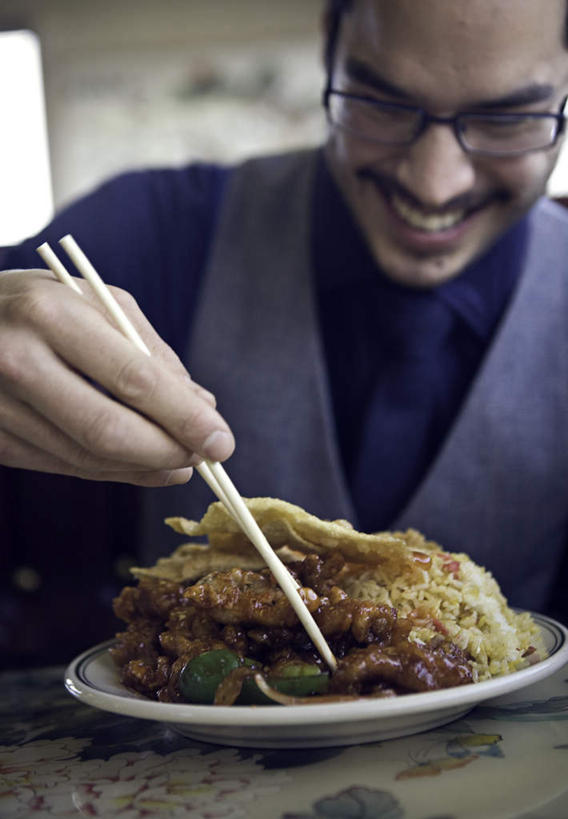 西方人,脸,头,脸颊,胡须,一个人,商务人士,商务男性,坐,笑,微笑,露齿笑,竖图,室内,特写,白天,正面,衬衫,午餐,筷子,餐具,欧洲,欧洲人,仅一个男性,仅一个人,一副,握,阴影,套装,服装,朦胧,模糊,光线,眼镜,影子,食品,午饭,注视,休闲装,文化,传统,肩膀,食物,仅一个年轻男性,衣服,低头,观察,看,休闲,休闲服,握着,服饰,观看,礼节,察看,关注,礼仪,商务装,近视眼镜,工薪阶层,男人,男性,年轻男性,白种人,头部,胡子,小胡子,脸部,脸蛋,面部,白领,上班族,进餐用具,坐着,半身,彩图,衬衣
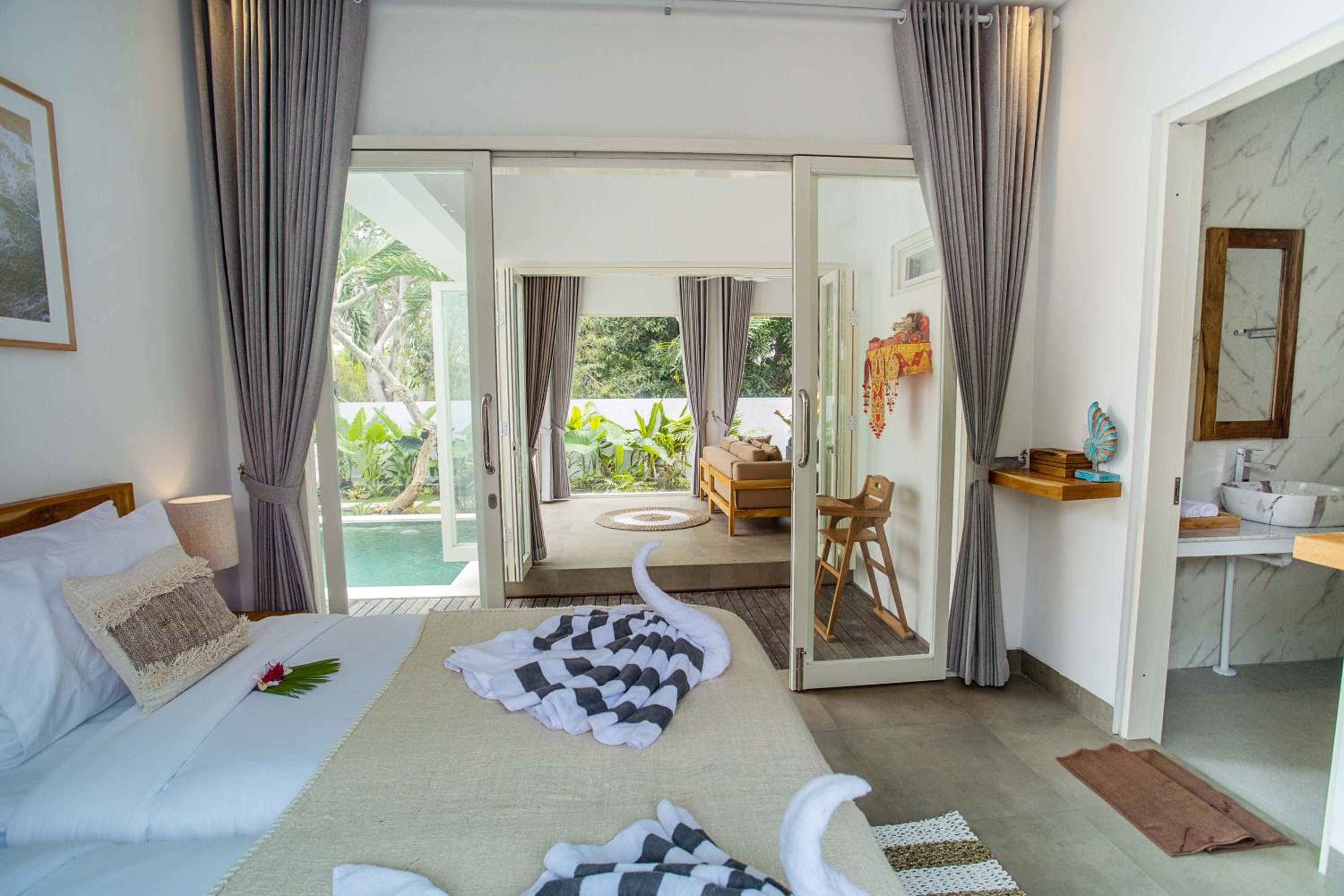 Alas Villa - 3 Bedrooms Private Pool Villas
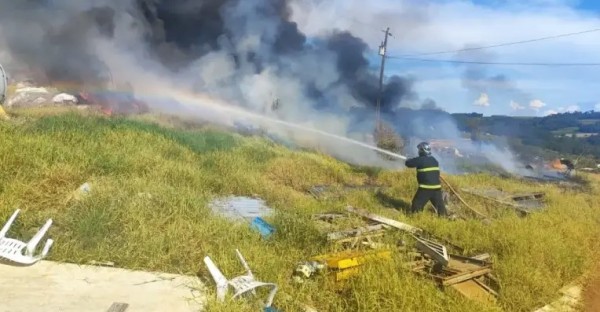 Indústria de recicláveis é atingida por incêndio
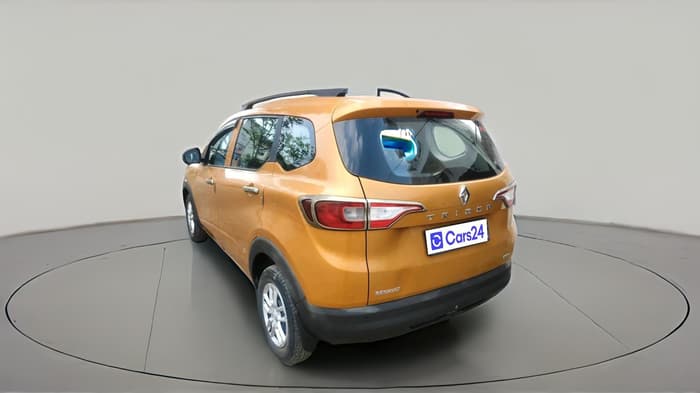 2021 Renault TRIBER RXE MT, Petrol, Manual, 13,591 km, exterior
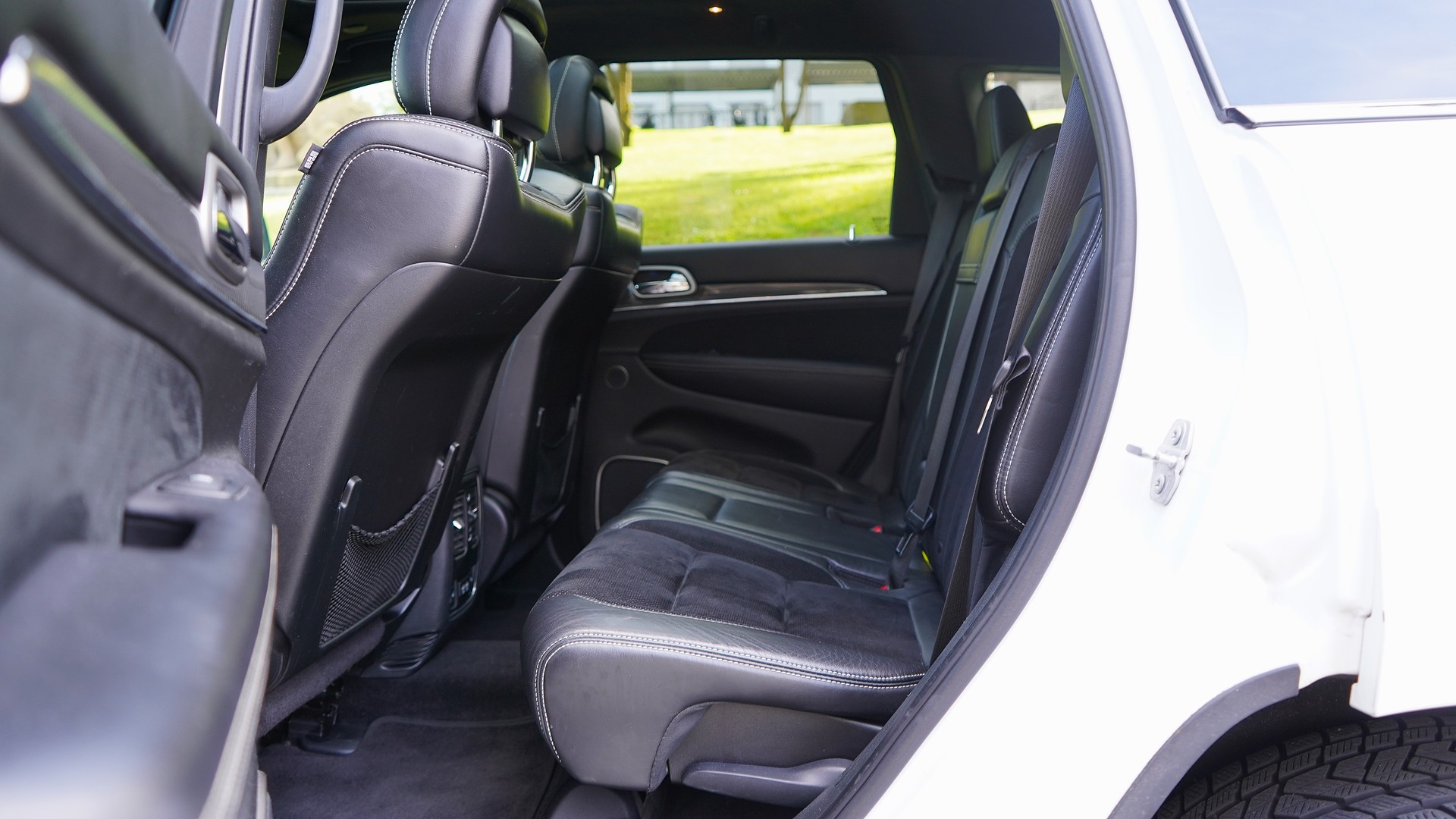 JEEP Grand Cherokee 6.4 V8 HEMI SRT8 Automatic-image-12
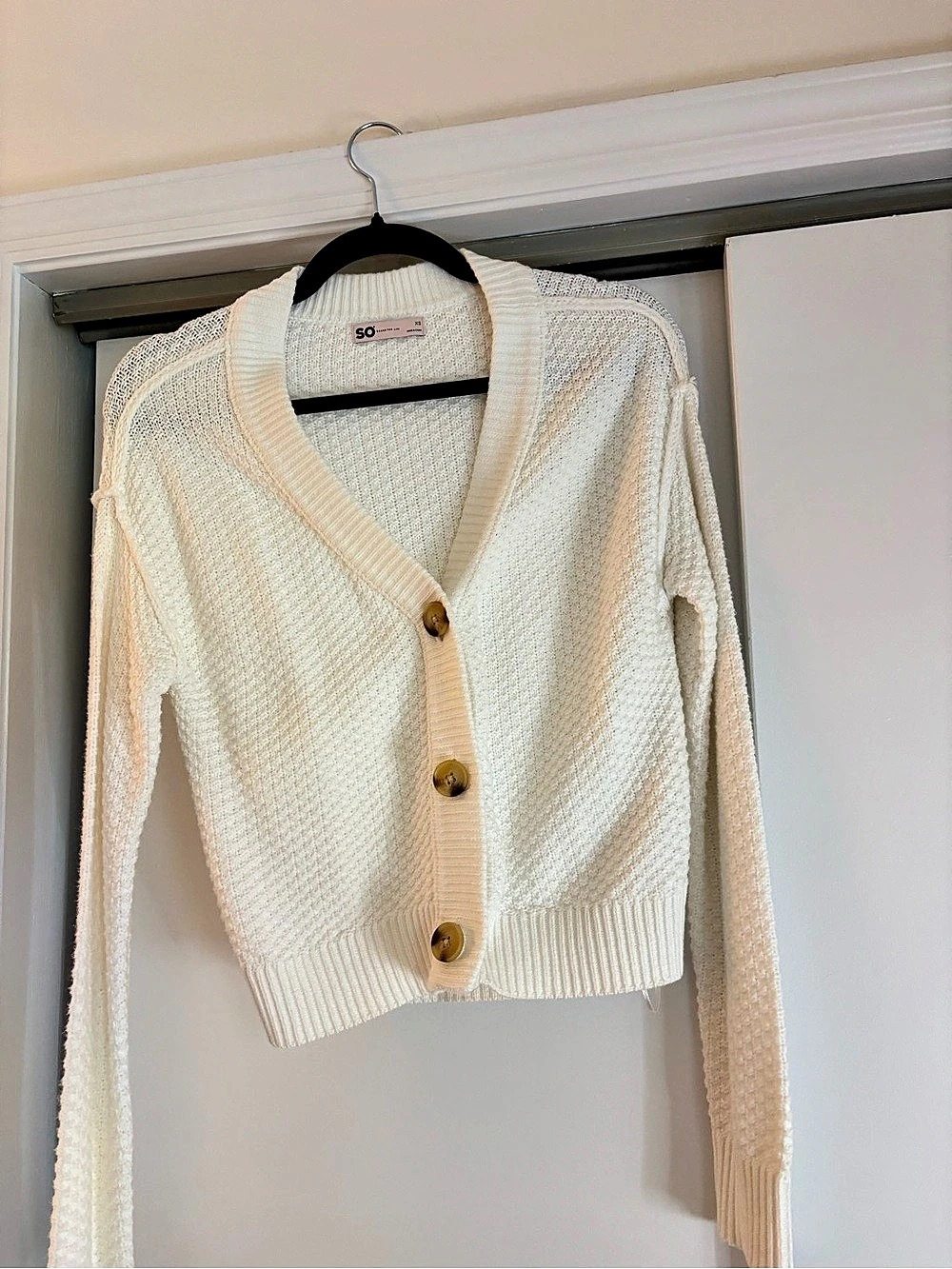 SO Knit Cardigan in Cream Size XS Like New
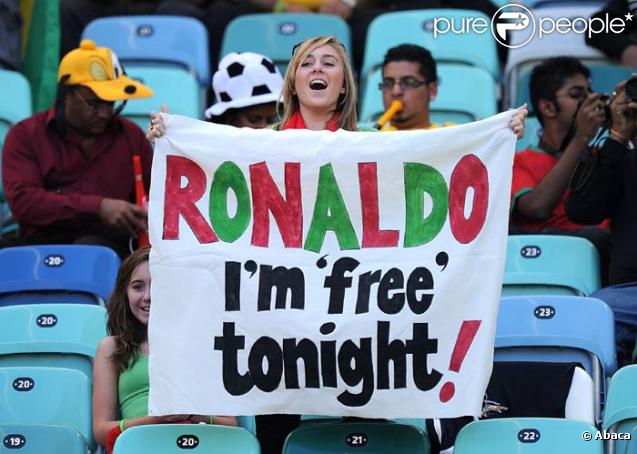 Une spectatrice supporte Cristiano Ronaldo durant le match Espagne-Portugal durant la Coupe du  Monde en Afrique de Sud en juin 2010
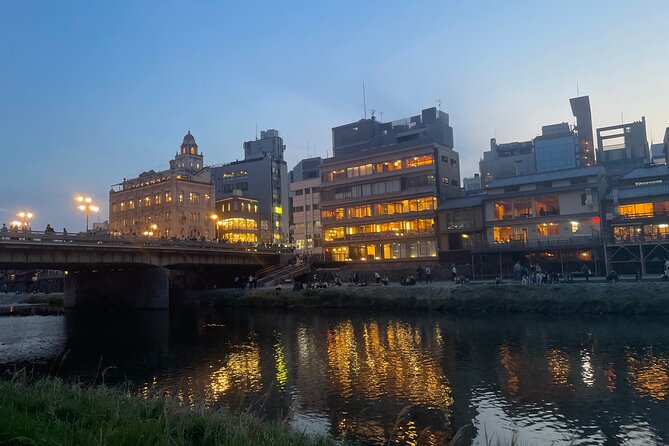 Kyoto Night Food & Izakaya Hopping Tour in Pontocho - Shijo Ohashi Bridge: the quick scenic opener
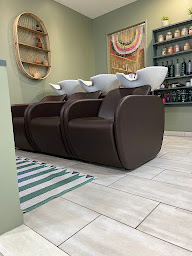 Photo n°11 de NOLA'JENN-COIFFEUR SAINT GILDAS de RHUYS- Sans RV Arzon- Sarzeau - Coloration minérale ,Végétale à Saint-Gildas-de-Rhuys (Salon de coiffure)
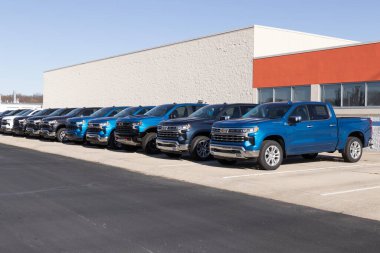 Indianapolis - Aralık 2022: Chevrolet Silverado 1500 sergisi. Chevy, WT, Trail Boss, LT, RST ve Özel Modeller 'de Silverado sunar..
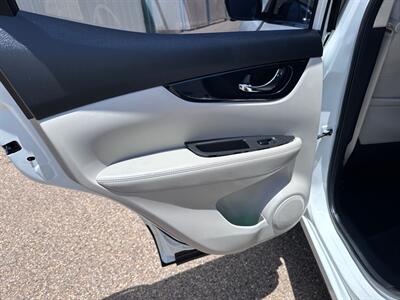 2019 Nissan Rogue SL   - Photo 6 - Amarillo, TX 79109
■ ■ ■ ■ ■ ■ ■
Exercise prompt:
Nothing but the lines from the first line of the listing above to the line containing "Photo n°11 de" should appear in the answer, each one exact and with no pictures.

Answer section:
 西方人,脸,头,脸颊,胡须,一个人,商务人士,商务男性,坐,笑,微笑,露齿笑,竖图,室内,特写,白天,正面,衬衫,午餐,筷子,餐具,欧洲,欧洲人,仅一个男性,仅一个人,一副,握,阴影,套装,服装,朦胧,模糊,光线,眼镜,影子,食品,午饭,注视,休闲装,文化,传统,肩膀,食物,仅一个年轻男性,衣服,低头,观察,看,休闲,休闲服,握着,服饰,观看,礼节,察看,关注,礼仪,商务装,近视眼镜,工薪阶层,男人,男性,年轻男性,白种人,头部,胡子,小胡子,脸部,脸蛋,面部,白领,上班族,进餐用具,坐着,半身,彩图,衬衣
 Alas Villa - 3 Bedrooms Private Pool Villas
 Indústria de recicláveis é atingida por incêndio
 2021 Renault TRIBER RXE MT, Petrol, Manual, 13,591 km, exterior
 JEEP Grand Cherokee 6.4 V8 HEMI SRT8 Automatic-image-12
 SO Knit Cardigan in Cream Size XS Like New
 Une spectatrice supporte Cristiano Ronaldo durant le match Espagne-Portugal durant la Coupe du  Monde en Afrique de Sud en juin 2010
 Kyoto Night Food & Izakaya Hopping Tour in Pontocho - Shijo Ohashi Bridge: the quick scenic opener
 Photo n°11 de NOLA'JENN-COIFFEUR SAINT GILDAS de RHUYS- Sans RV Arzon- Sarzeau - Coloration minérale ,Végétale à Saint-Gildas-de-Rhuys (Salon de coiffure)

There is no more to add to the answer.